- **What the task asks**: The records that follow are to be given again exactly.

- **Source material**:
──────────────────────────────
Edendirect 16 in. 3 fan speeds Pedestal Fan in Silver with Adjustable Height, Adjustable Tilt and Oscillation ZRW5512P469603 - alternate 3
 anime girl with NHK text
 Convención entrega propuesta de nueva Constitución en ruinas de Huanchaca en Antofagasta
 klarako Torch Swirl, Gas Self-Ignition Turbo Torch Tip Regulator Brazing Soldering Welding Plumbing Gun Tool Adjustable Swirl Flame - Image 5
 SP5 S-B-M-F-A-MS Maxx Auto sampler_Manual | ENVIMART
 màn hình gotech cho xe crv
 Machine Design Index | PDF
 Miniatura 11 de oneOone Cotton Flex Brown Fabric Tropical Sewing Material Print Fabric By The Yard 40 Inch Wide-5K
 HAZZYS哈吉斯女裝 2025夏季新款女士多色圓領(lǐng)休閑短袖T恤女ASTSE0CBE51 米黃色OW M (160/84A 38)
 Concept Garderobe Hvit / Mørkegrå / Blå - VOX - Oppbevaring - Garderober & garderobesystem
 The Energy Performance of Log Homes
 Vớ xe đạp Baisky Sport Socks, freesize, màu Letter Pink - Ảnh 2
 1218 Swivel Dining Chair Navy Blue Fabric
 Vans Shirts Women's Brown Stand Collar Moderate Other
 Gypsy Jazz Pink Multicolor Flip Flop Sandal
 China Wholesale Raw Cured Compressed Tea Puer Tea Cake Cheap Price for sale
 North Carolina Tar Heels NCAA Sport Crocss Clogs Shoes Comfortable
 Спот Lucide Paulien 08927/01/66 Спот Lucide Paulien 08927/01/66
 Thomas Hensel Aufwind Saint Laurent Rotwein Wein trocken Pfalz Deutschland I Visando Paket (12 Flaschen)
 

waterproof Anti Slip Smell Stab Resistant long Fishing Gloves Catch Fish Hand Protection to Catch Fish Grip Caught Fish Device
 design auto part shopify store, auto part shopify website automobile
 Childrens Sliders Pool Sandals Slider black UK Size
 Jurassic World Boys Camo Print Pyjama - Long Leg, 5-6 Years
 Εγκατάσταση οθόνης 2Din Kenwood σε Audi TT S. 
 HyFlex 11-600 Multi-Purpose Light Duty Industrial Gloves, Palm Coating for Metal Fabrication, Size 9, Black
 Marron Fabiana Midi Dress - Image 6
──────────────────────────────
- **Final answer**:
Edendirect 16 in. 3 fan speeds Pedestal Fan in Silver with Adjustable Height, Adjustable Tilt and Oscillation ZRW5512P469603 - alternate 3
 anime girl with NHK text
 Convención entrega propuesta de nueva Constitución en ruinas de Huanchaca en Antofagasta
 klarako Torch Swirl, Gas Self-Ignition Turbo Torch Tip Regulator Brazing Soldering Welding Plumbing Gun Tool Adjustable Swirl Flame - Image 5
 SP5 S-B-M-F-A-MS Maxx Auto sampler_Manual | ENVIMART
 màn hình gotech cho xe crv
 Machine Design Index | PDF
 Miniatura 11 de oneOone Cotton Flex Brown Fabric Tropical Sewing Material Print Fabric By The Yard 40 Inch Wide-5K
 HAZZYS哈吉斯女裝 2025夏季新款女士多色圓領(lǐng)休閑短袖T恤女ASTSE0CBE51 米黃色OW M (160/84A 38)
 Concept Garderobe Hvit / Mørkegrå / Blå - VOX - Oppbevaring - Garderober & garderobesystem
 The Energy Performance of Log Homes
 Vớ xe đạp Baisky Sport Socks, freesize, màu Letter Pink - Ảnh 2
 1218 Swivel Dining Chair Navy Blue Fabric
 Vans Shirts Women's Brown Stand Collar Moderate Other
 Gypsy Jazz Pink Multicolor Flip Flop Sandal
 China Wholesale Raw Cured Compressed Tea Puer Tea Cake Cheap Price for sale
 North Carolina Tar Heels NCAA Sport Crocss Clogs Shoes Comfortable
 Спот Lucide Paulien 08927/01/66 Спот Lucide Paulien 08927/01/66
 Thomas Hensel Aufwind Saint Laurent Rotwein Wein trocken Pfalz Deutschland I Visando Paket (12 Flaschen)
 

waterproof Anti Slip Smell Stab Resistant long Fishing Gloves Catch Fish Hand Protection to Catch Fish Grip Caught Fish Device
 design auto part shopify store, auto part shopify website automobile
 Childrens Sliders Pool Sandals Slider black UK Size
 Jurassic World Boys Camo Print Pyjama - Long Leg, 5-6 Years
 Εγκατάσταση οθόνης 2Din Kenwood σε Audi TT S. 
 HyFlex 11-600 Multi-Purpose Light Duty Industrial Gloves, Palm Coating for Metal Fabrication, Size 9, Black
 Marron Fabiana Midi Dress - Image 6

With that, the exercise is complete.